Parenthood. Where you swallow your anger and try to get through the point you are trying to teach them. It's not all about us vs. them, it's about teaching them right from wrong. Teenagers have the us vs. them mentality, and I try so hard to work around that obstacle before laying down the laws of the world. Parents know nothing. They know everything. Conversations include, "Well you're thinking" or "You were going to say" or "You never listen" when really, we're just in a rush to say our point of view before listening to the other. I had to step back, take a breath, and apologize for interrupting, because he was right. I interrupted because I saw where he THOUGHT I was coming from, and I felt he was wrong. However, it's not about ME...but what he perceives, and the lesson I'm trying to teach.
One thing about Corrin and I, we scream, we yell and then it's over. There's no hard feelings (I think!!!) and we move on. He did accuse me of just wanting to get in an argument because I told him he could yell at me as long as he would TELL ME WHAT WAS ON HIS MIND!!! I told him I'm not much for yelling, but if we got to the truth of the matter, than that's what had to happen. I know a lot of people don't agree with the scream and yell method, but the outcome is what I strive for. Understanding. Agreement. Solidarity. Forgiveness. Love.

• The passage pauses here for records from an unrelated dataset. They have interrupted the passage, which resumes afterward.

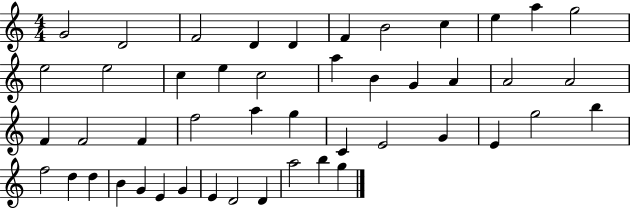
X:1
T:Untitled
M:4/4
L:1/4
K:C
G2 D2 F2 D D F B2 c e a g2 e2 e2 c e c2 a B G A A2 A2 F F2 F f2 a g C E2 G E g2 b f2 d d B G E G E D2 D a2 b g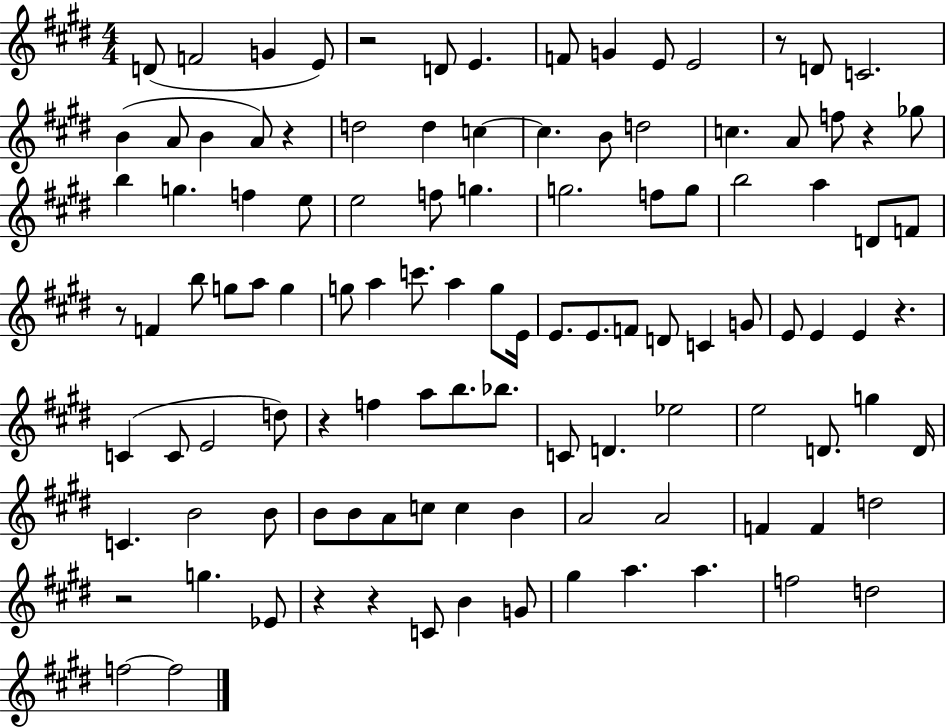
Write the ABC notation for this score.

X:1
T:Untitled
M:4/4
L:1/4
K:E
D/2 F2 G E/2 z2 D/2 E F/2 G E/2 E2 z/2 D/2 C2 B A/2 B A/2 z d2 d c c B/2 d2 c A/2 f/2 z _g/2 b g f e/2 e2 f/2 g g2 f/2 g/2 b2 a D/2 F/2 z/2 F b/2 g/2 a/2 g g/2 a c'/2 a g/2 E/4 E/2 E/2 F/2 D/2 C G/2 E/2 E E z C C/2 E2 d/2 z f a/2 b/2 _b/2 C/2 D _e2 e2 D/2 g D/4 C B2 B/2 B/2 B/2 A/2 c/2 c B A2 A2 F F d2 z2 g _E/2 z z C/2 B G/2 ^g a a f2 d2 f2 f2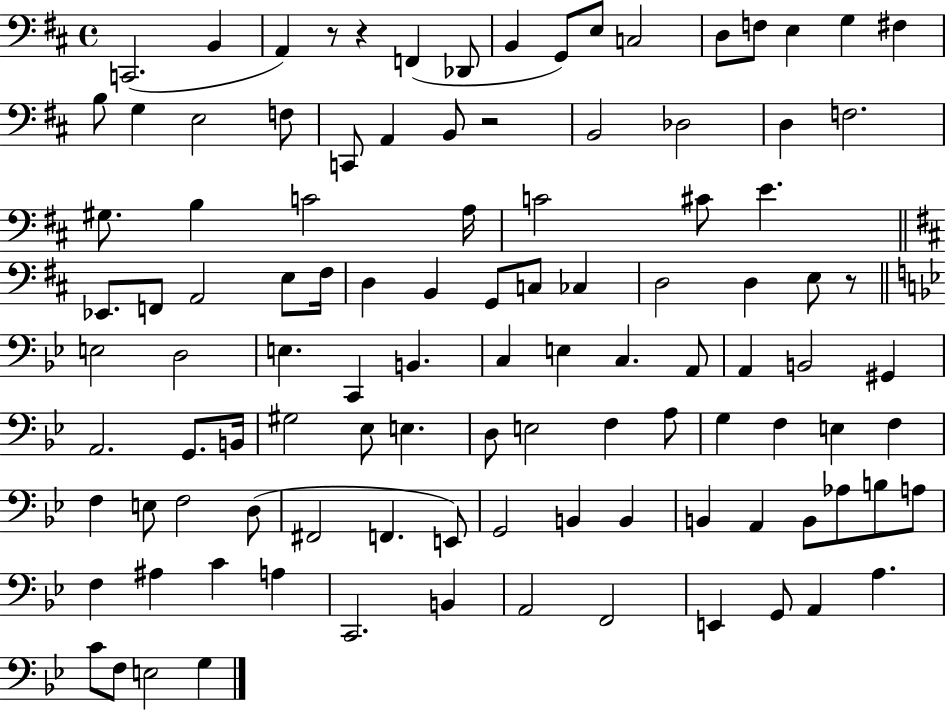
X:1
T:Untitled
M:4/4
L:1/4
K:D
C,,2 B,, A,, z/2 z F,, _D,,/2 B,, G,,/2 E,/2 C,2 D,/2 F,/2 E, G, ^F, B,/2 G, E,2 F,/2 C,,/2 A,, B,,/2 z2 B,,2 _D,2 D, F,2 ^G,/2 B, C2 A,/4 C2 ^C/2 E _E,,/2 F,,/2 A,,2 E,/2 ^F,/4 D, B,, G,,/2 C,/2 _C, D,2 D, E,/2 z/2 E,2 D,2 E, C,, B,, C, E, C, A,,/2 A,, B,,2 ^G,, A,,2 G,,/2 B,,/4 ^G,2 _E,/2 E, D,/2 E,2 F, A,/2 G, F, E, F, F, E,/2 F,2 D,/2 ^F,,2 F,, E,,/2 G,,2 B,, B,, B,, A,, B,,/2 _A,/2 B,/2 A,/2 F, ^A, C A, C,,2 B,, A,,2 F,,2 E,, G,,/2 A,, A, C/2 F,/2 E,2 G,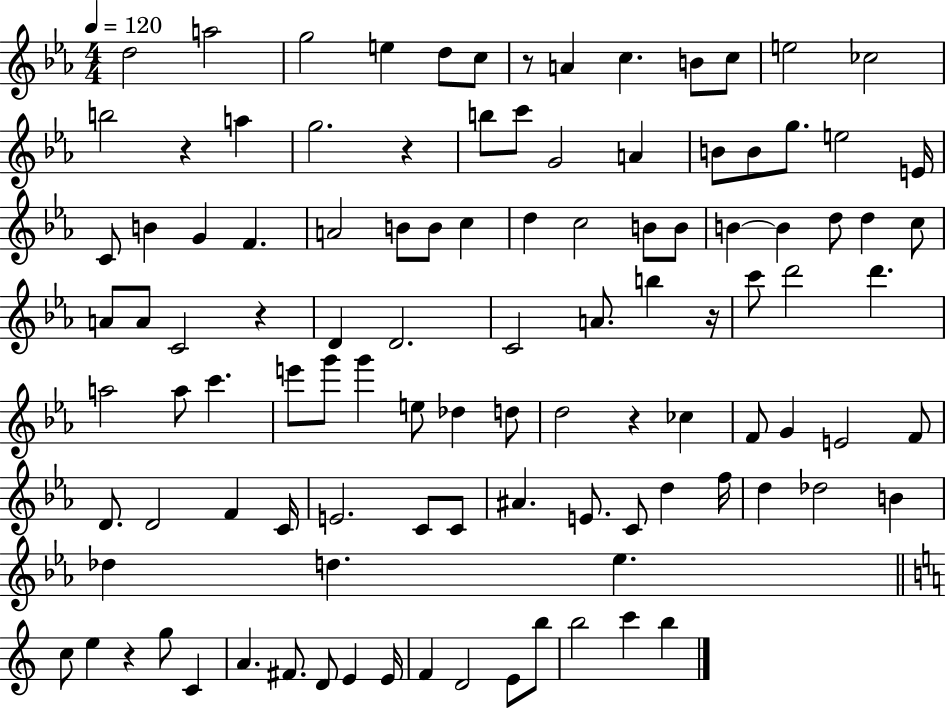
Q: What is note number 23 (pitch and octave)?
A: E5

It's interesting to me, because I think everyone needs to learn how to speak their mind. You can do it plainly, and lovingly, without destroying relationships in the long run. You can tell people, "you pissed me off the other day, and I'd like to talk about it" without the world falling apart. You also can be the first to say, "I know I hurt you, and I am deeply sorry". As long as we do this for the relationship, rather than our own pride or agenda, the end result should be forgiveness.